Even as COVID-19 continued its international spread throughout January and February, Winston held out hope that the trip could still happen. Then, on Feb. 28, she got word that USC had canceled all international travel.
Winston and Mittelstaedt, associate professor of professional practice, quickly pivoted to a domestic trip. Winston reached out to media contacts in Alabama and was excited by the reporting prospects. “Within 10 days, the students had come up with and begun to report fabulous stories about Alabama,” Winston said. “The editors at both the Birmingham and Montgomery newspapers were very helpful, offering up both their ideas and newsrooms to us. It looked like it would be a really rich experience.”
But when USC canceled all travel at the recommendation of the CDC and moved courses to online instruction, the professors and students pivoted again to look for local stories about “communities of faith, spiritual but not religious outliers and the ways in which the virus is affecting ethical decision-making and spiritual sensibilities,” Winston said.
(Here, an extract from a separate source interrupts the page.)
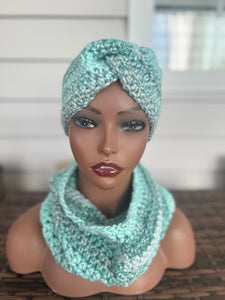 Mint Frost Crochet Headwrap & Scarf Set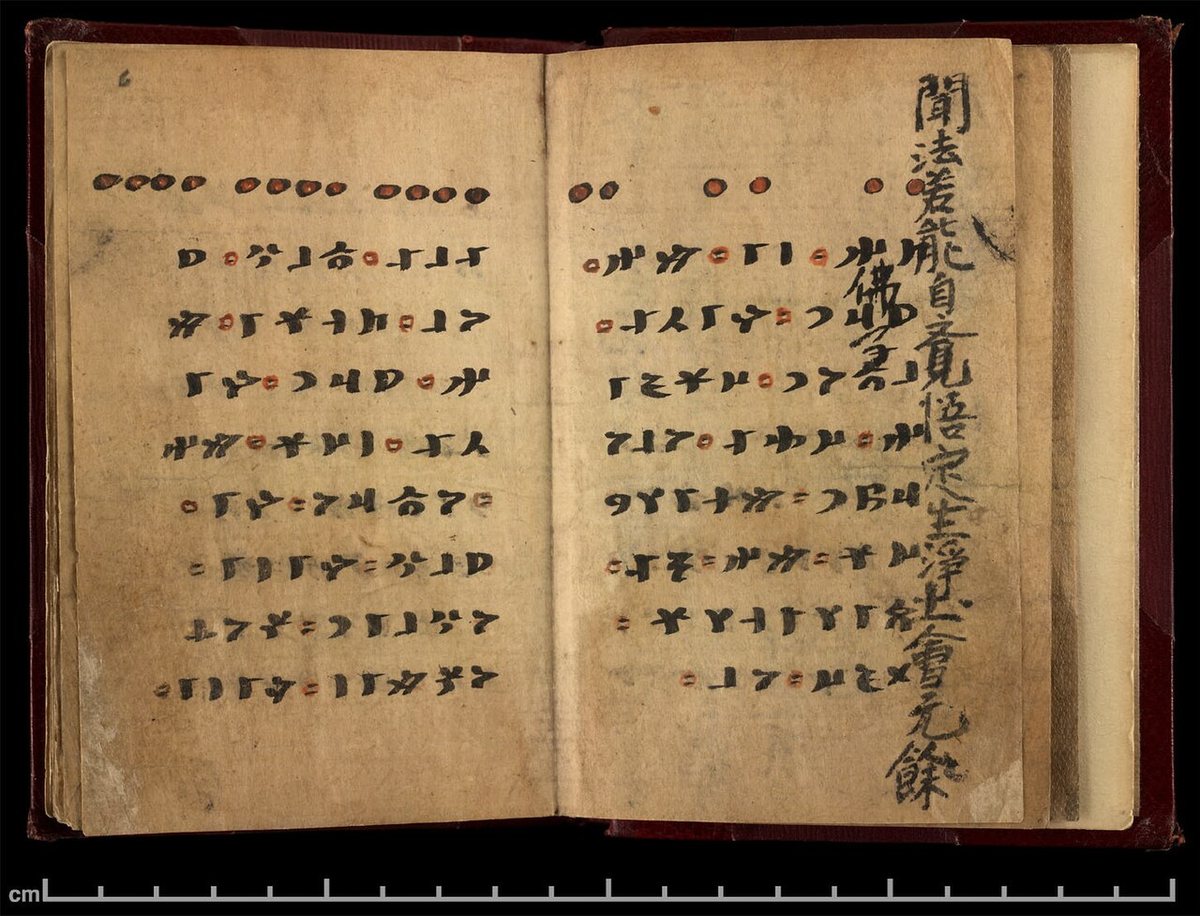 The first two pages of the Irk Bitig text (folios 5b and 6a). The lines run from right to left, with words divided by red circles. British Library, London (Or.8212/161).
Smith recalls that Winston and Mittelstaedt compared covering coronavirus to being a war correspondent — an idea that inspired her.
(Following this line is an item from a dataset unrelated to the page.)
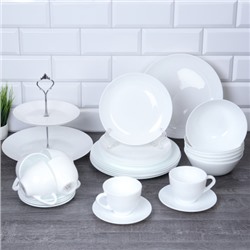 Столовый набор 31 предмет Евро с вазой для фруктов / 30/LGW67595 /WHITE /уп 2/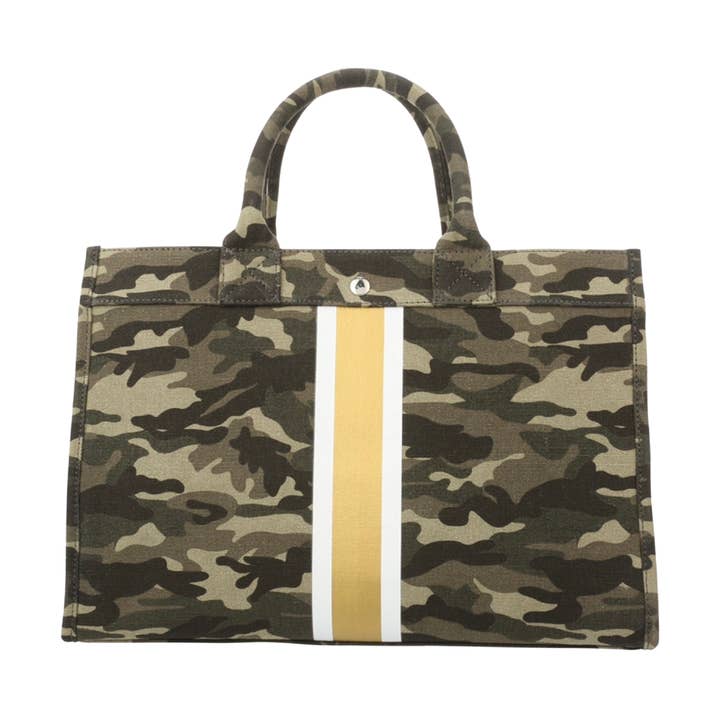 Canvas Tote - Camouflage with Gold/White for wholesale by Milly Kate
“I want to talk to people, I want to see how people are feeling,” she said. “When Armenia got canceled and then when Alabama got canceled, they told us that, as journalists, things are going to happen. You might have to go somewhere at the drop of a hat. You have to be nimble and flexible. It’s a teachable moment for us: Sometimes you just have to get out the door and go.”
Smith says she had already been planning on covering coronavirus and the Catholic Church in Alabama. “The Catholic Bishop of Birmingham had made an announcement a couple of weeks ago about eliminating the communal chalice during Mass,” she said. “So, when that got canceled, I was like, well, I feel like I can still do that story in Los Angeles.”
After attending the 8 a.m. Mass at the Cathedral of Our Lady of the Angels downtown and the 10 a.m. Mass at Our Mother of Good Counsel in Los Feliz — both with very few parishioners present — Smith wrote her article and turned it in to Winston and Mittelstaedt on Sunday evening. Winston floated several possible media outlets that might publish the piece; Smith thought Religion News Service would be the best fit. “It all happened really quickly,” Smith said.
Her piece, “‘Prayer in the Time of Coronavirus’,” appeared the following day on the Religion News Service website. “It was genius of her to go to the cathedral, because that is such a central icon for religion in Los Angeles,” Winston said. “It's also a place where so many people might go for sustenance and comfort at this time.”
Winston says that Smith and her classmates have shown incredible resilience as the COVID-19 crisis has radically reshaped their experience with the course.
“We have an incredible group of students this year,” Winston said. “I've never seen an entire class so motivated, so dedicated and so excited about journalism. Rather than give up in frustration, they keep looking for new ways to make this experience worthwhile for them. And I am inspired by their passion.
“Coronavirus is going to be the religion story of our lives,” Winston added. “Deep questions about morality, mortality and metaphysics are going to be a part of every story on this pandemic. Who lives? Who dies? Who gets a ventilator? These are religious questions, ethical questions. We make moral decisions every time we walk out of our house now.”